Exercise details: Take the data from its first line. Print each line exactly until the line containing "What is sugar" has been printed too.

Supplied entries:
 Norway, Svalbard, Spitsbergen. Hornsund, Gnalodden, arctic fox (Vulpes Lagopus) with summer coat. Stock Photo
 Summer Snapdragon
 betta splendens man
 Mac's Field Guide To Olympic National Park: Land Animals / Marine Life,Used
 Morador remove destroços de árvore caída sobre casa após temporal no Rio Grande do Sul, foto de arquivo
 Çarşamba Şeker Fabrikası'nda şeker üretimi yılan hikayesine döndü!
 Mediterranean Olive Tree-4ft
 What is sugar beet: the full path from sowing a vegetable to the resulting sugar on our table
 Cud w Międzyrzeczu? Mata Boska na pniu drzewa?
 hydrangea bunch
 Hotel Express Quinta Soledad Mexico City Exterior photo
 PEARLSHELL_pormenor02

Finished exercise:
 Norway, Svalbard, Spitsbergen. Hornsund, Gnalodden, arctic fox (Vulpes Lagopus) with summer coat. Stock Photo
 Summer Snapdragon
 betta splendens man
 Mac's Field Guide To Olympic National Park: Land Animals / Marine Life,Used
 Morador remove destroços de árvore caída sobre casa após temporal no Rio Grande do Sul, foto de arquivo
 Çarşamba Şeker Fabrikası'nda şeker üretimi yılan hikayesine döndü!
 Mediterranean Olive Tree-4ft
 What is sugar beet: the full path from sowing a vegetable to the resulting sugar on our table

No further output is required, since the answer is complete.